We are very excited to announce that the “Hello! I know you – I am you” exhibition, co-authored and curated by Wiesław Bartkowski from SWPS University’s School of Form, has been accepted to Ars Electronica Festival, the oldest and one of the most significant festivals of electronic arts in the world. Currently, the exhibition can be viewed online, at Ars Electronica .ART Global Gallery. “For me, getting there is like having my article accepted to the most prestigious scientific journal,” says Wiesław Bartkowski. Congratulations!
For the very first time, the “Hello! I know you – I am you” exhibition was presented at the Gdynia Design Days 2020, in July. The exposition is an experiment, emploing algorithms and machine learning. The results are palpable, felt on one’s skin and especially on one’s face. Klementyna Jankiewicz and Karol Nowak, graduates of a postgraduate program Creative Coding, and lecturer Szymon Pepliński are co-authors of the project.

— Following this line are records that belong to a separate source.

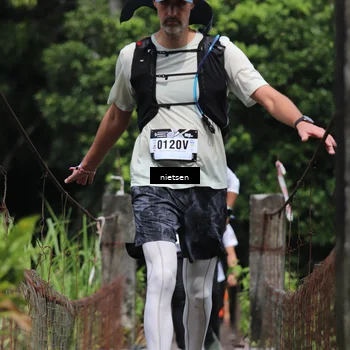 Runner Photo 5237156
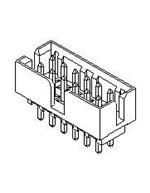 87331-1420 datasheet & price | pdf – Kasuo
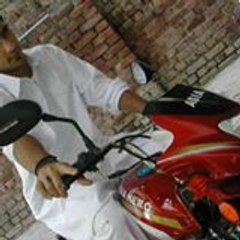 Sardar Khan Karlal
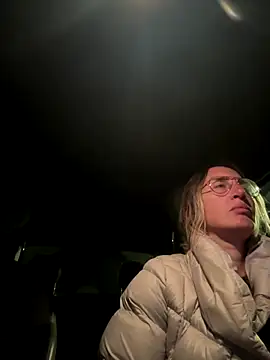 Snapshot of casalinga88 chatting on November 2025 07:14:02 PM casalinga88 online show from November 2025 07:14:02 PM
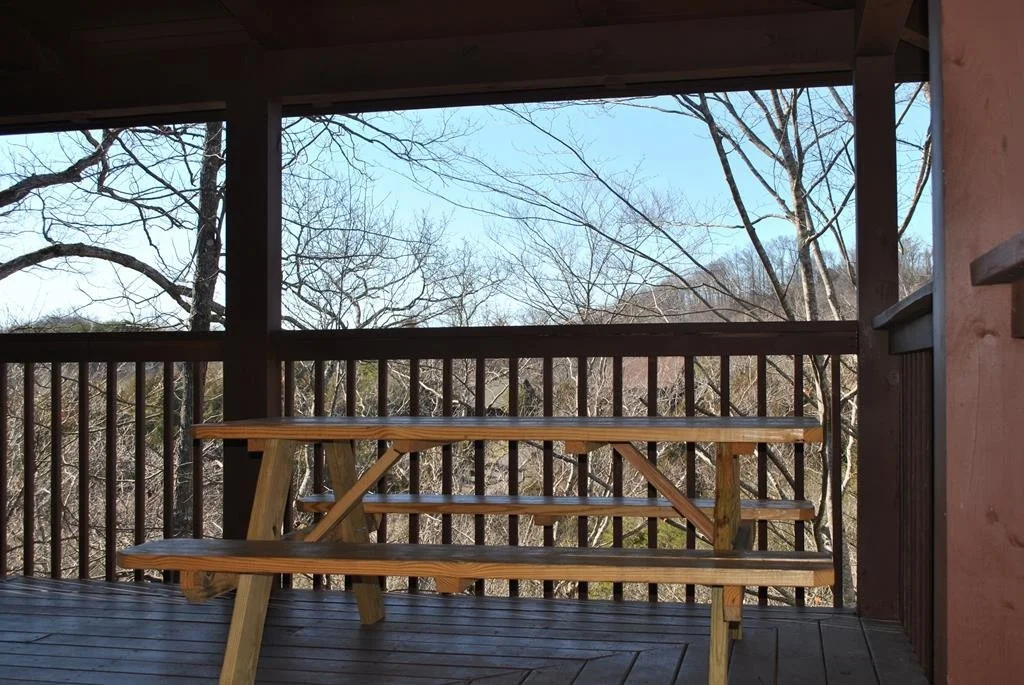 Photo of 2125 Wingspan Drive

The main theme of the exhibition deals with contemporary corporations, which regard human experience as a free resource that can be mined without limits. As the result of the greedy exploitation, they degrade human nature, just as corporations of the early capitalism have degraded the environment. Technology divides people and distances them from each other. The social fabric disintegrates. This time the change may be radical and irreversible, because for the very first time our anti-human technologies have become autonomous.
“According to Professor Shoshana Zuboff from the Harvard Business School, we have entered a new era, called surveillance capitalism. As Professor Zuboff puts it: ‘Once we searched Google, now Google searches us’. Our exhibition provides an opportunity to show the characteristics of this new era. Is the surveillance capitalism taking away our freedom? Is it killing our creativity and dulls our imagination? How is it changing our culture?,” says Wiesław Bartkowski.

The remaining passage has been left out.